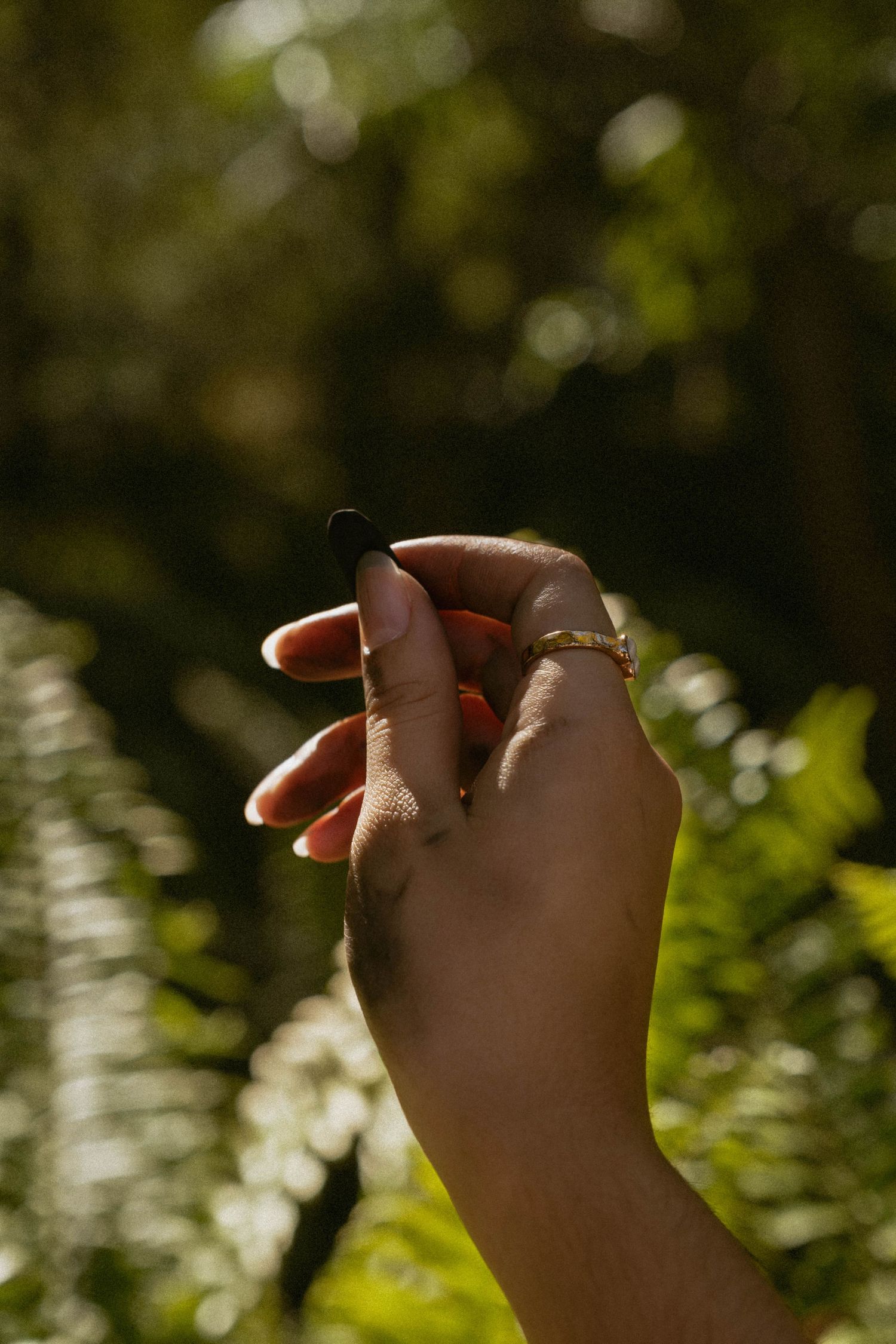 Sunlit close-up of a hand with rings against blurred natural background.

------------

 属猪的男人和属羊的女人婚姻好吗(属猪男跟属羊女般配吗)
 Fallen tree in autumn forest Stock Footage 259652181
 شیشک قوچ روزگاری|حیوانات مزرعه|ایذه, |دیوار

------------

§ Prompt
Only one part of the material above is to be transcribed, namely the lines starting with the line that has "Fallen tree in" and going on through the line that has "شیشک قوچ روزگاری|حیوانات مزرعه|ایذه, |دیوار", exactly as they stand.

§ Result below
 Fallen tree in autumn forest Stock Footage 259652181
 شیشک قوچ روزگاری|حیوانات مزرعه|ایذه, |دیوار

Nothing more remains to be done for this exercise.